▸ **Supplied records**:
----
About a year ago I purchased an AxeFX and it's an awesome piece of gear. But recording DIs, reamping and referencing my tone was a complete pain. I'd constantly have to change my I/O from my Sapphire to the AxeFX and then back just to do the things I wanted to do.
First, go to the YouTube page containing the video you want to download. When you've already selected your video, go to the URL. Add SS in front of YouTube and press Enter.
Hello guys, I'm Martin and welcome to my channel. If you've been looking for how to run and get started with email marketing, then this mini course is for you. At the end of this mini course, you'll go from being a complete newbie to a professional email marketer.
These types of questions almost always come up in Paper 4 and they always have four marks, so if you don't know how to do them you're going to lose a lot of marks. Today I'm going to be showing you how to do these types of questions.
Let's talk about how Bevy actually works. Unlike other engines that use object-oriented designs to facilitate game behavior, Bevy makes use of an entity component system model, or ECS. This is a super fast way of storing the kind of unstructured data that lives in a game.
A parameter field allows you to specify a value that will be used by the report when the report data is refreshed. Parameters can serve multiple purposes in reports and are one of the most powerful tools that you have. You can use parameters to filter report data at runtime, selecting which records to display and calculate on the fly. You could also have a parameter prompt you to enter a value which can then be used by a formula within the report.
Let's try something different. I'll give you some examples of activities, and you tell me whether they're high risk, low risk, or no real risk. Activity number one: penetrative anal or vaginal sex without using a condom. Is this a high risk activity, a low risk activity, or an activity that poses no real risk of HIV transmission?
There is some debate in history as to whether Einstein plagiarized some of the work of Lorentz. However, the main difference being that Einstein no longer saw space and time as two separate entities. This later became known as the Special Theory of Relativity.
----
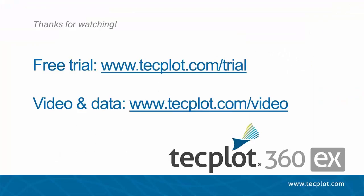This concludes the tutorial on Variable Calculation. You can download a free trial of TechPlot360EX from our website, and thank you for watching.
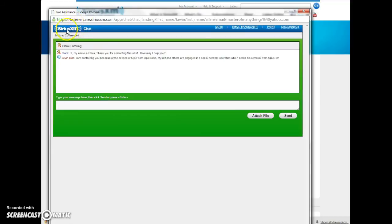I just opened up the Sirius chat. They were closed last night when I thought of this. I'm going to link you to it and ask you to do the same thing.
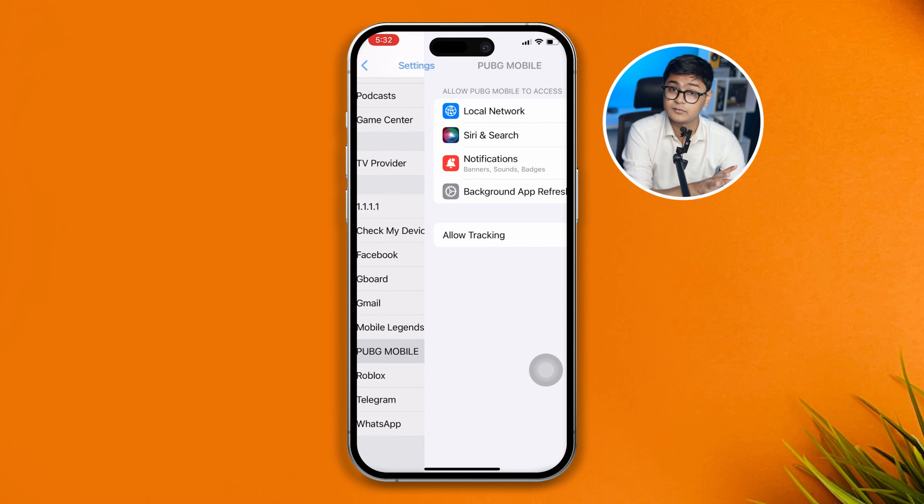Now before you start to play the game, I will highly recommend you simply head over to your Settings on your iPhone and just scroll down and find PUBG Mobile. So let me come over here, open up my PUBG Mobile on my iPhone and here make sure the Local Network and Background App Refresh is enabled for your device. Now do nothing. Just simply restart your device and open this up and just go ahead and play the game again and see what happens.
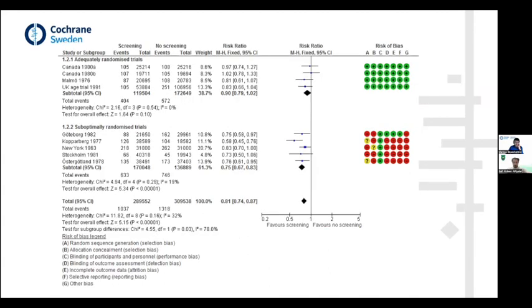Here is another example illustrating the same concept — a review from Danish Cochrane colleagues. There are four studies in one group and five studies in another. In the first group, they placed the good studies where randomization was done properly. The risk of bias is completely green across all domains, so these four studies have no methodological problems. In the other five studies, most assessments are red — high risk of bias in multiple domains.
----
Reproduce word for word the material above, beginning with the line that contains "About a year" and ending with the line that contains "Let's talk about".

▸ **Problem solution**:
About a year ago I purchased an AxeFX and it's an awesome piece of gear. But recording DIs, reamping and referencing my tone was a complete pain. I'd constantly have to change my I/O from my Sapphire to the AxeFX and then back just to do the things I wanted to do.
First, go to the YouTube page containing the video you want to download. When you've already selected your video, go to the URL. Add SS in front of YouTube and press Enter.
Hello guys, I'm Martin and welcome to my channel. If you've been looking for how to run and get started with email marketing, then this mini course is for you. At the end of this mini course, you'll go from being a complete newbie to a professional email marketer.
These types of questions almost always come up in Paper 4 and they always have four marks, so if you don't know how to do them you're going to lose a lot of marks. Today I'm going to be showing you how to do these types of questions.
Let's talk about how Bevy actually works. Unlike other engines that use object-oriented designs to facilitate game behavior, Bevy makes use of an entity component system model, or ECS. This is a super fast way of storing the kind of unstructured data that lives in a game.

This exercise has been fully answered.